Pharma major Dr. Reddy’s Laboratories on Thursday announced its consolidated net profit increased 2 per cent to Rs 1,413 crore in the third quarter ended December 31, 2024. Interestingly, the growth was driven by robust performance across markets.
The Hyderabad-based drug major had reported a profit of Rs 1,379 crore for the October-December period of last fiscal. Revenue increased to Rs 8,359 crore from Rs 7,215 crore a year ago, Dr Reddy’s Laboratories said in a statement.
In an interaction with Financial Express.com, M.V. Narasimham, Chief Financial Officer, Dr. Reddy’s Laboratories revealed that NRT business has contributed to their growth. The quarter’s growth was led by newly acquired NRT business (Nicotinell), new launches, and improved efficiencies.
During the quarter, they also launched Toripalimab in India which is the only immuno-oncology drug approved for RM-nasopharyngeal carcinoma (rare type of head and neck cancer), making India only the third country in the world after the U.S. and China to receive access to it.
“…this entire portfolio is growing in a single digit and clearly, some few quarters are there are tender opportunities for this portfolio, like in Brazil, in Latin and Middle East, and in few of the countries,” he said.
Narasimham also said that in the India market. the overall growth is at 14 percent. “…Without Sanofi vaccines portfolio, we will have a double digit growth. Why we are not at double digit, there are in two therapies especially. One is on the gastro, and the other one is on the chronic. So clearly, we have a certain few challenges,” he shared.
On Dr. Reddy’s Laboratories acute as well as chronic portfolio, Narasimham said that “acute” continues to be a pain and they are trying to fix it.
“…if the market is like if I remember, is growing at 8%, then our growth is at 4 to 5%. So we are trying to fix especially this. Apart from this, like, you be in dermal, oncology, our growth stories are better and significant…we are aware about what are the challenges. We are articulating for India business in the, future. It will continue to drive them, give the double digit base business,” he explained.
He also said that they are working towards strengthening their existing portfolio and this strategy is one of the key focal areas. The company continues to strengthen core business of generics and API, whilst investing in strategic focus areas of consumer health, innovative products (digital therapeutics, novel molecules) and biosimilars.
“…our focus is how we can strengthen our current portfolio as well as how we can bring the complex assets. In line with our strategy…we continue to focus first how we can have a robust product portfolio of our in house. We are also looking at emerging markets. We continue to have anet cash surplus and so we are looking for inorganic opportunities as well,” Narasimham told Financial Express.com.

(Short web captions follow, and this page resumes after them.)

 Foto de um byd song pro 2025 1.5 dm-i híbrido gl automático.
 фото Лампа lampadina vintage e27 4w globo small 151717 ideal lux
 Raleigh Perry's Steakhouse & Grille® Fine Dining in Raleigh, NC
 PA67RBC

He also revealed that GLP-1 is one of they key focus areas and they are looking opportunities of launching their offering in Canada market.
“…We’ve already submitted the Denosumab filing both in Europe and US. And also, we can expect a role as first to get stipulated timelines,” he said. Dr. Reddy’s is expecting to launch the product in December 2026.
“Our R&D investments were increased and our investments in biosimilars have also increased, he said. He also said Dr. Reddy’s will continue to invest in new innovations.
“…We are continuously investing in our CapEx. Currently, we are investing for GLP ones, both for API and, our formulation side. We don’t want to lose the opportunity on account of a capacity constraints. And the third, we are continue to invest both in R&D as well as, like, our innovation journey. We are not stopping in any of the investments. We are continuously focusing on both current as well as for the future performance,” he told Financial Express.com.